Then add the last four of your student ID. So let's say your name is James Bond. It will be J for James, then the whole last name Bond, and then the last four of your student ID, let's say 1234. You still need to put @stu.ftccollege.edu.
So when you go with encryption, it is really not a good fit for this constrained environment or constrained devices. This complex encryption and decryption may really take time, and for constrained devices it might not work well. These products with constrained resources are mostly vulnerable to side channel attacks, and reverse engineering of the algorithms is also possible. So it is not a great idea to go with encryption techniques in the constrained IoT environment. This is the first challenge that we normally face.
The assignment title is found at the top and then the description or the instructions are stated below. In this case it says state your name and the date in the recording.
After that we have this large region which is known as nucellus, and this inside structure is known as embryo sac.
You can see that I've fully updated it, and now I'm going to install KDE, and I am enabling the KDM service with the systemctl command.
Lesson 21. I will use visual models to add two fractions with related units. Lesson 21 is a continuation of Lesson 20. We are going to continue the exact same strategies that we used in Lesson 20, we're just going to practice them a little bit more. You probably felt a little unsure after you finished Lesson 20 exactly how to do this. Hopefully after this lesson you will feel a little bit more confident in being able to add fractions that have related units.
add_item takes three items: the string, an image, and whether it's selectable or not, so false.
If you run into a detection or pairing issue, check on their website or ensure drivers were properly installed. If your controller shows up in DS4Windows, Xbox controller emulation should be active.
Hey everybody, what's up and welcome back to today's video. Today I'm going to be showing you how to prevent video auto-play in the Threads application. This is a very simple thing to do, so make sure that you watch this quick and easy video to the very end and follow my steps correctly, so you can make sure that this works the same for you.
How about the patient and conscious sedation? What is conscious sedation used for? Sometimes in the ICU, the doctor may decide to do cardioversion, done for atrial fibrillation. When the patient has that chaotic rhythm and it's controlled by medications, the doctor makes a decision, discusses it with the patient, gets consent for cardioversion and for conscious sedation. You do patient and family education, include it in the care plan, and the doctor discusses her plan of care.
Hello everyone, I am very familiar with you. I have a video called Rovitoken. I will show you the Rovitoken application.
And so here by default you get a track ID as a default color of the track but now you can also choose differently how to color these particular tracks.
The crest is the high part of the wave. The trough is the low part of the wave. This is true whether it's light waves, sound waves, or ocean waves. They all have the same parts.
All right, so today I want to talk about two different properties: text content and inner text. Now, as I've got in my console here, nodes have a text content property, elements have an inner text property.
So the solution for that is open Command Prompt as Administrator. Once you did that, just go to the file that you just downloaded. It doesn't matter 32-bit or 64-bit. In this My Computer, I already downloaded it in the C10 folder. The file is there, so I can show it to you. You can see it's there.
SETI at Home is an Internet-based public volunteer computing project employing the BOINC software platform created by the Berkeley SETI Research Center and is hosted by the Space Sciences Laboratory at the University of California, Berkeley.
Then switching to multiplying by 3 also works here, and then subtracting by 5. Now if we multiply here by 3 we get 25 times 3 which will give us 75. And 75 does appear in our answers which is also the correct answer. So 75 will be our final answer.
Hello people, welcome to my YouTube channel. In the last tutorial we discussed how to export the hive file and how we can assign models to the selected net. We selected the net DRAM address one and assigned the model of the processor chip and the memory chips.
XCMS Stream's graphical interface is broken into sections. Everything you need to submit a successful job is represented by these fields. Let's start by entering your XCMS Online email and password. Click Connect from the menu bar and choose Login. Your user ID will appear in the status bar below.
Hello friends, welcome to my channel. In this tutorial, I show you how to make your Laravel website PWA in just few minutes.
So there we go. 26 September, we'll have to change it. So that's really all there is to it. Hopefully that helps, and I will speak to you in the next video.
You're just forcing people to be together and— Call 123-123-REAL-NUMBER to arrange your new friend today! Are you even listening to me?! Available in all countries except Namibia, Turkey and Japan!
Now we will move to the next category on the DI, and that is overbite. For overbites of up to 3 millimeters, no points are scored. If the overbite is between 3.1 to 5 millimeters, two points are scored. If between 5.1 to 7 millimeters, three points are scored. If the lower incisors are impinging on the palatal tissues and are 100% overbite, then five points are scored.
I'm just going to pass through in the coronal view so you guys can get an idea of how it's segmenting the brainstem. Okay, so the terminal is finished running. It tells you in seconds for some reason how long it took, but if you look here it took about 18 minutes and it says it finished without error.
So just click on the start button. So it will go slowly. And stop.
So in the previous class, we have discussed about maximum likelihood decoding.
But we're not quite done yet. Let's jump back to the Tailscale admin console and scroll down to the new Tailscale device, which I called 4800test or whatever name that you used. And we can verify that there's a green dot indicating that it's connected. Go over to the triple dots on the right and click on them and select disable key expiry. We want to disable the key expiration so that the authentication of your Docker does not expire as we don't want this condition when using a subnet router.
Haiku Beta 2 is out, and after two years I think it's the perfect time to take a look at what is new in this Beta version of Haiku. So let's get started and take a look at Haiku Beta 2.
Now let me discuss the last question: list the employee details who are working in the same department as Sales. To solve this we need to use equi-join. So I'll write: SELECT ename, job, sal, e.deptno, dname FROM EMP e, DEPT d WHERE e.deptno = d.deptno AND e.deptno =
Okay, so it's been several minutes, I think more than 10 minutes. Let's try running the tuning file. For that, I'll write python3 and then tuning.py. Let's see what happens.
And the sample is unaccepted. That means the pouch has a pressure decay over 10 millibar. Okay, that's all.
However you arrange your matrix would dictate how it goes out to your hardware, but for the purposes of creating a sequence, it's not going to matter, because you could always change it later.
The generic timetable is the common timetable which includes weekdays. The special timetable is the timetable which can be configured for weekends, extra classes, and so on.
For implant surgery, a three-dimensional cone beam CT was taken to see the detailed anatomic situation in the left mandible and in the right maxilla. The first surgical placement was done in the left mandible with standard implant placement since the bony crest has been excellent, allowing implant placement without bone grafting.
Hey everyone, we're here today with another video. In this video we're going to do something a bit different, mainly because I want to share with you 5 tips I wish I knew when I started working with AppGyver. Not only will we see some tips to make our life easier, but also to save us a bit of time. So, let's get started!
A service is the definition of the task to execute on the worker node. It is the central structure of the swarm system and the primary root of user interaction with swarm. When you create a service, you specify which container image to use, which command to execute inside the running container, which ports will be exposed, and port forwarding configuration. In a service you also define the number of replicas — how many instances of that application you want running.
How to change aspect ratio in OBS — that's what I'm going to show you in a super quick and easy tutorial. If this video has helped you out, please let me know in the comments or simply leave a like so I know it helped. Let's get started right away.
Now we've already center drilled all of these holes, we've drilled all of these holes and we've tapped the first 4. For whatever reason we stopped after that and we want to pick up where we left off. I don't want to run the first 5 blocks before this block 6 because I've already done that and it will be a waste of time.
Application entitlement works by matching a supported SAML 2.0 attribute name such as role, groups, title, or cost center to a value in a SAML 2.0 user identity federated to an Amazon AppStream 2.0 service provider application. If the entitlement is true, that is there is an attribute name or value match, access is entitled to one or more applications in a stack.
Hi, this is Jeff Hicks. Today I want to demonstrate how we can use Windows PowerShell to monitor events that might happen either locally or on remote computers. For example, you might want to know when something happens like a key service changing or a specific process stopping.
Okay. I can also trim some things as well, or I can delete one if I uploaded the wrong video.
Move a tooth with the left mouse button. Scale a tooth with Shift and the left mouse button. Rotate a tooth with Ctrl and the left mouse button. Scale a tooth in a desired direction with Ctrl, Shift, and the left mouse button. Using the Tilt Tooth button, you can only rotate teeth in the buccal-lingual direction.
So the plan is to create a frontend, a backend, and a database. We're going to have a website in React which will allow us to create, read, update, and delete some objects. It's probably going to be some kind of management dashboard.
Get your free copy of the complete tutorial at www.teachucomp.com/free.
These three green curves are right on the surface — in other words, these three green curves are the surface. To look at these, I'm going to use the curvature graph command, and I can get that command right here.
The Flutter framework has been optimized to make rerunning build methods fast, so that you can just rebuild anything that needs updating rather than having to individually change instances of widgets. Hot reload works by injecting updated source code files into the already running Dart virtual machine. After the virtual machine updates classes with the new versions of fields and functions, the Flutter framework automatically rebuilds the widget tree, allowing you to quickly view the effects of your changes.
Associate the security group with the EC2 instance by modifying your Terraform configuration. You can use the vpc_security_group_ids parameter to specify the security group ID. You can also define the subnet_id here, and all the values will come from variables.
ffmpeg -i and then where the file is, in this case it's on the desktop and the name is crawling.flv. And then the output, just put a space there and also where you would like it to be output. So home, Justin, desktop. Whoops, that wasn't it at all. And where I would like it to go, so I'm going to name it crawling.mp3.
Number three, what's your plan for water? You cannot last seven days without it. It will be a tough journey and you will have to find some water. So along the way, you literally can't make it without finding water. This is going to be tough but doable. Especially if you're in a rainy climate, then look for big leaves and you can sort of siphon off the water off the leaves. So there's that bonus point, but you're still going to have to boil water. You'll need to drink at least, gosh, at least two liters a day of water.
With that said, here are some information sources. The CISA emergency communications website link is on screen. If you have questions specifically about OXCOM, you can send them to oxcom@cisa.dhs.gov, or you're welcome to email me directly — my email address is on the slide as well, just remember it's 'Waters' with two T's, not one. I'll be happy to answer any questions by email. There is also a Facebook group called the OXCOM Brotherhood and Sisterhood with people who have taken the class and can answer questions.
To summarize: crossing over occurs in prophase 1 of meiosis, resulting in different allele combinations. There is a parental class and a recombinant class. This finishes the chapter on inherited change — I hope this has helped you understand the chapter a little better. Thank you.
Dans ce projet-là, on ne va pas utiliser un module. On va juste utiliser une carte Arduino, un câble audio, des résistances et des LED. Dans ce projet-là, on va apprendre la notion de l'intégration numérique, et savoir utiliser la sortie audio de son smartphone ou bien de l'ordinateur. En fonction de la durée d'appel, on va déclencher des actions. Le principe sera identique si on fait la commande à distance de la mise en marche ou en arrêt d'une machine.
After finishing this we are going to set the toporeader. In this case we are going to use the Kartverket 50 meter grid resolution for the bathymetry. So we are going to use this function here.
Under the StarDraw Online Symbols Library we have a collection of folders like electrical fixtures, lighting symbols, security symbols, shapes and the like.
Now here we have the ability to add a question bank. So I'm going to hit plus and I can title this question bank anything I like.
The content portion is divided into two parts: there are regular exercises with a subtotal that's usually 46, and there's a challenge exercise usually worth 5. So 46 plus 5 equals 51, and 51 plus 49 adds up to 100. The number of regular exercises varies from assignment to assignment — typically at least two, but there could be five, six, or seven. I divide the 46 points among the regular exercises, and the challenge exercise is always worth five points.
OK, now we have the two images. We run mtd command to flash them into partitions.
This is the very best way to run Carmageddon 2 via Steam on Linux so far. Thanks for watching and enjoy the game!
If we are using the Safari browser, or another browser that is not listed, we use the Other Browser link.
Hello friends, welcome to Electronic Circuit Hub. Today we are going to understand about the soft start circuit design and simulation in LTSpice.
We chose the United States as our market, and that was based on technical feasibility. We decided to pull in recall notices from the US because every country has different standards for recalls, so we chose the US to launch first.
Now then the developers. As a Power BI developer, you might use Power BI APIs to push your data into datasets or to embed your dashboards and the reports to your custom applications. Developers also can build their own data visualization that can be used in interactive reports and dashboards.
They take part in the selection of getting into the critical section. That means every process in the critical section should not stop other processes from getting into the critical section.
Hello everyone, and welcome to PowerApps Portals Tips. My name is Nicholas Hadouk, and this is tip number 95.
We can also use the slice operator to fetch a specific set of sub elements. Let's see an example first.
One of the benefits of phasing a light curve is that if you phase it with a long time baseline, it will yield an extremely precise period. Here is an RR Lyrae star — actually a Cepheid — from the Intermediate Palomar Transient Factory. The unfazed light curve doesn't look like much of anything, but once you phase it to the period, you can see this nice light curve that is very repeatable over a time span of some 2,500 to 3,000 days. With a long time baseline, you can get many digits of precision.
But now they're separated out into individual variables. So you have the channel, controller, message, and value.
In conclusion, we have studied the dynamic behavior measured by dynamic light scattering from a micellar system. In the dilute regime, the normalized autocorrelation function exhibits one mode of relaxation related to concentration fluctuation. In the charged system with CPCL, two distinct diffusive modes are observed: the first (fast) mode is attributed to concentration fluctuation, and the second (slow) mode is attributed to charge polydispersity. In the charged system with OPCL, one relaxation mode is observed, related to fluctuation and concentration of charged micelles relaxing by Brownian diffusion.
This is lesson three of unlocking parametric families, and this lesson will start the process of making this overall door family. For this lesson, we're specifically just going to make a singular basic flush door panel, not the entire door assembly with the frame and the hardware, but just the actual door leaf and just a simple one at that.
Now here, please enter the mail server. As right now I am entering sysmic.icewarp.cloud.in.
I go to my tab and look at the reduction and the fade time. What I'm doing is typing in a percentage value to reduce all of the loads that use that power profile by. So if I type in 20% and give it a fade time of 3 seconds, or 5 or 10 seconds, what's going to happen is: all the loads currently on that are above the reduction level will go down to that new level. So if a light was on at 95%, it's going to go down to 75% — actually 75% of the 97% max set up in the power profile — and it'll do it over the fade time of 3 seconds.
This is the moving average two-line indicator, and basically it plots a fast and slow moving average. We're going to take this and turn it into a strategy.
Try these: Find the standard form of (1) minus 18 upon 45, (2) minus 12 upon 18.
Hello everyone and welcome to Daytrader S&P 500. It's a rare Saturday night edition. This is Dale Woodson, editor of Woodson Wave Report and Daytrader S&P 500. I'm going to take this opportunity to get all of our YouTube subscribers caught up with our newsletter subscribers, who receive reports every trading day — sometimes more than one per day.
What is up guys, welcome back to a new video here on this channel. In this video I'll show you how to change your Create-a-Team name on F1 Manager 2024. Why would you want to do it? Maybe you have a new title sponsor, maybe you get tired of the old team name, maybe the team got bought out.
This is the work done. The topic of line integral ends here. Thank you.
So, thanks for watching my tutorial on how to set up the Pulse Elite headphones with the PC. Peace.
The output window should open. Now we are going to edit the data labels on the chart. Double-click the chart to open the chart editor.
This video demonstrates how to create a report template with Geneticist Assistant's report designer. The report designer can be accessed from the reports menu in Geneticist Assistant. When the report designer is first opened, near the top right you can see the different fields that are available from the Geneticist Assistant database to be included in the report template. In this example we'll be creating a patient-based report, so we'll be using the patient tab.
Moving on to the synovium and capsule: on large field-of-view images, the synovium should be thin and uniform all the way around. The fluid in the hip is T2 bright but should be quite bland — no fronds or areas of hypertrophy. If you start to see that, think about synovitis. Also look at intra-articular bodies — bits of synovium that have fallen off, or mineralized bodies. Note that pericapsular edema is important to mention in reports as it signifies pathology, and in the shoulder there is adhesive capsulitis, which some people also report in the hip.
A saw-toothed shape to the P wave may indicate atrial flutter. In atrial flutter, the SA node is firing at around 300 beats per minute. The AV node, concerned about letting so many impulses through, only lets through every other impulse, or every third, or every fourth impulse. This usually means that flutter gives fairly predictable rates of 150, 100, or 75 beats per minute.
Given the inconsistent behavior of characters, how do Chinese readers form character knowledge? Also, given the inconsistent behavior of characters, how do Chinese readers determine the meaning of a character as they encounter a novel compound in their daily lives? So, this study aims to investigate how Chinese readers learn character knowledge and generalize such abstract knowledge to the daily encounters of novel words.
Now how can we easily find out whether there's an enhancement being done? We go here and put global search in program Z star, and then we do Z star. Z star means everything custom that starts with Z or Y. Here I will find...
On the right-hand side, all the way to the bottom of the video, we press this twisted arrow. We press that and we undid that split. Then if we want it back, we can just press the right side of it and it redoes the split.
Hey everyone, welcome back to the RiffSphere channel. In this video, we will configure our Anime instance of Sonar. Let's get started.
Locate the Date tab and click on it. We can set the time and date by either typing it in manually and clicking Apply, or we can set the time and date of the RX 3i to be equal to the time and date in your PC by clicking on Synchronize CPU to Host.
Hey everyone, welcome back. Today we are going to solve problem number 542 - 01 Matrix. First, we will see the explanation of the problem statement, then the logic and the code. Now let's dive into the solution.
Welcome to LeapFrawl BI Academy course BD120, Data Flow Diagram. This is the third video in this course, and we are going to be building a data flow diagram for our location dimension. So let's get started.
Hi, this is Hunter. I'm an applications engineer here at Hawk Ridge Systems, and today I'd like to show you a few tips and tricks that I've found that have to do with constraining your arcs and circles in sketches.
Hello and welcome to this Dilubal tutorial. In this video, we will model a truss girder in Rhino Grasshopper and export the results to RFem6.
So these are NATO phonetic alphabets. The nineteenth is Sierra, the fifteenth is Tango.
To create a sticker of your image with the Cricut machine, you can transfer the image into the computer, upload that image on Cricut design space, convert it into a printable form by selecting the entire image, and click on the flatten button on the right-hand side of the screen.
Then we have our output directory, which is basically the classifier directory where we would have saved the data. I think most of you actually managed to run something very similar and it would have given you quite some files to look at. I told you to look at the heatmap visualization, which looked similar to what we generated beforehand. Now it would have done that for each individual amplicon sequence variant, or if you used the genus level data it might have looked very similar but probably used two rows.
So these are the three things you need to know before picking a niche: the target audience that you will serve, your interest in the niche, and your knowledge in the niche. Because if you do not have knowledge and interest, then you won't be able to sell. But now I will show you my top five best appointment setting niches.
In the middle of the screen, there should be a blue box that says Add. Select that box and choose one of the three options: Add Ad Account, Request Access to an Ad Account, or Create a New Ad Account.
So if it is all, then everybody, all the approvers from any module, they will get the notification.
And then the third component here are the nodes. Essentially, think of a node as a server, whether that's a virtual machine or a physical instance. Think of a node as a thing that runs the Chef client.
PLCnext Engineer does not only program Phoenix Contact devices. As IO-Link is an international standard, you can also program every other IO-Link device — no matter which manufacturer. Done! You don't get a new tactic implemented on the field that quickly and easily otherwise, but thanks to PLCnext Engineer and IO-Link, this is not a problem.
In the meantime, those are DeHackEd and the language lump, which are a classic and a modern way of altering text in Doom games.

———

**WHAT TO WORK ON**
Between the first line of the entries above and the line with "You can see that", both included, copy every line exactly and nothing outside that range.

**SOLUTION TO THIS EXERCISE**
Then add the last four of your student ID. So let's say your name is James Bond. It will be J for James, then the whole last name Bond, and then the last four of your student ID, let's say 1234. You still need to put @stu.ftccollege.edu.
So when you go with encryption, it is really not a good fit for this constrained environment or constrained devices. This complex encryption and decryption may really take time, and for constrained devices it might not work well. These products with constrained resources are mostly vulnerable to side channel attacks, and reverse engineering of the algorithms is also possible. So it is not a great idea to go with encryption techniques in the constrained IoT environment. This is the first challenge that we normally face.
The assignment title is found at the top and then the description or the instructions are stated below. In this case it says state your name and the date in the recording.
After that we have this large region which is known as nucellus, and this inside structure is known as embryo sac.
You can see that I've fully updated it, and now I'm going to install KDE, and I am enabling the KDM service with the systemctl command.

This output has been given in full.